INFORMATION SHOWN ->
◆ ◆ ◆ ◆ ◆ ◆ ◆
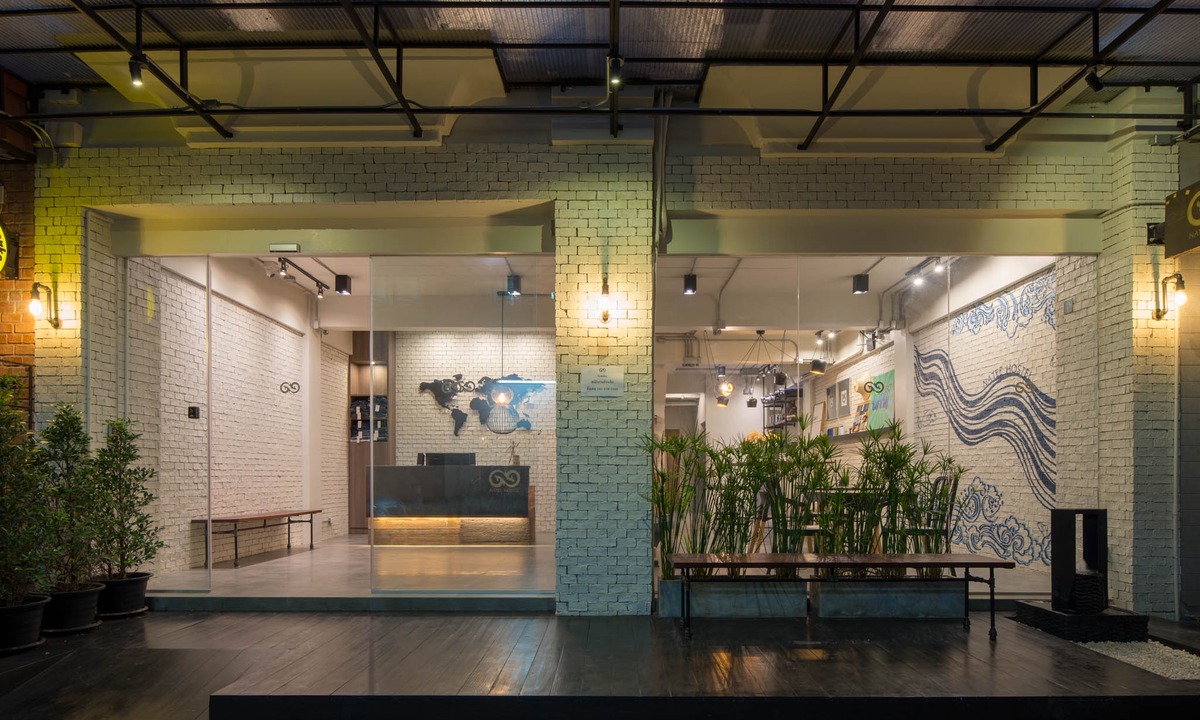 Thanon Phaya Thai Hotel | Natee Hostel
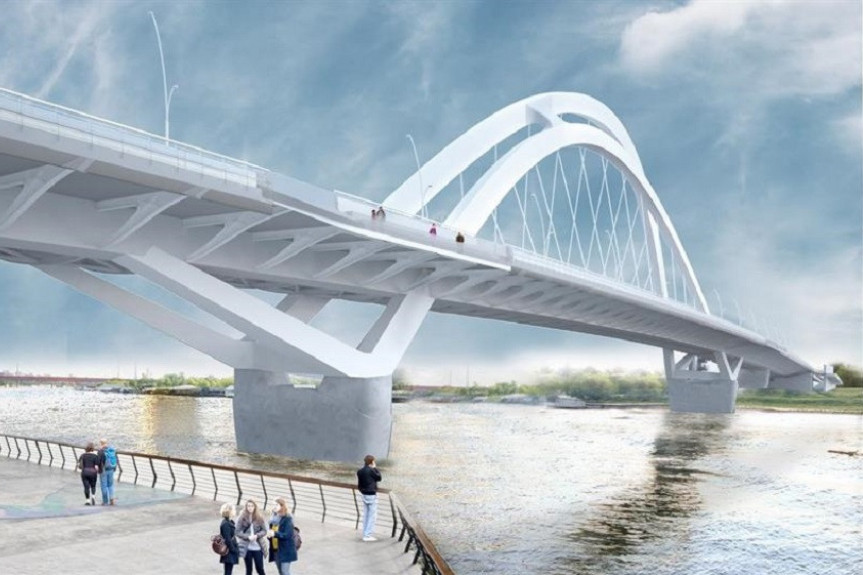 Pored novog mosta na Savi i petlja kod Ušća! Šapić otkrio projekte koji će znatno promeniti Beograd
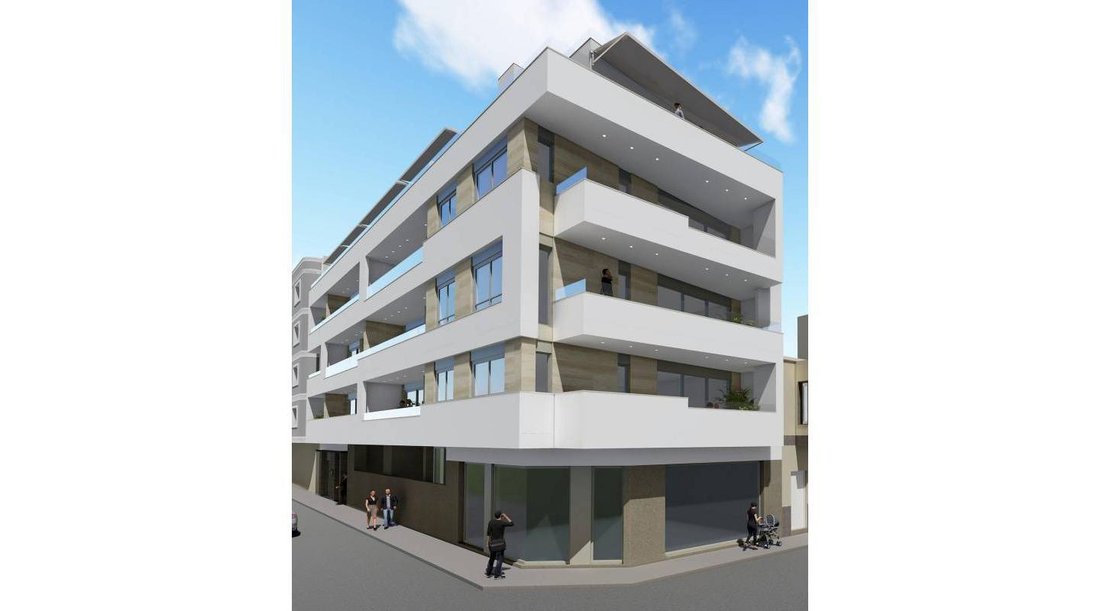 Penthouse in Torrevieja, Valencian Community, Spain 3 - 14715072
◆ ◆ ◆ ◆ ◆ ◆ ◆
WHAT THE TASK REQUIRES ->
In the answer, all of the material should appear exactly as given, with no picture carried over.

RESPONSE BOX ->
 Thanon Phaya Thai Hotel | Natee Hostel
 Pored novog mosta na Savi i petlja kod Ušća! Šapić otkrio projekte koji će znatno promeniti Beograd
 Penthouse in Torrevieja, Valencian Community, Spain 3 - 14715072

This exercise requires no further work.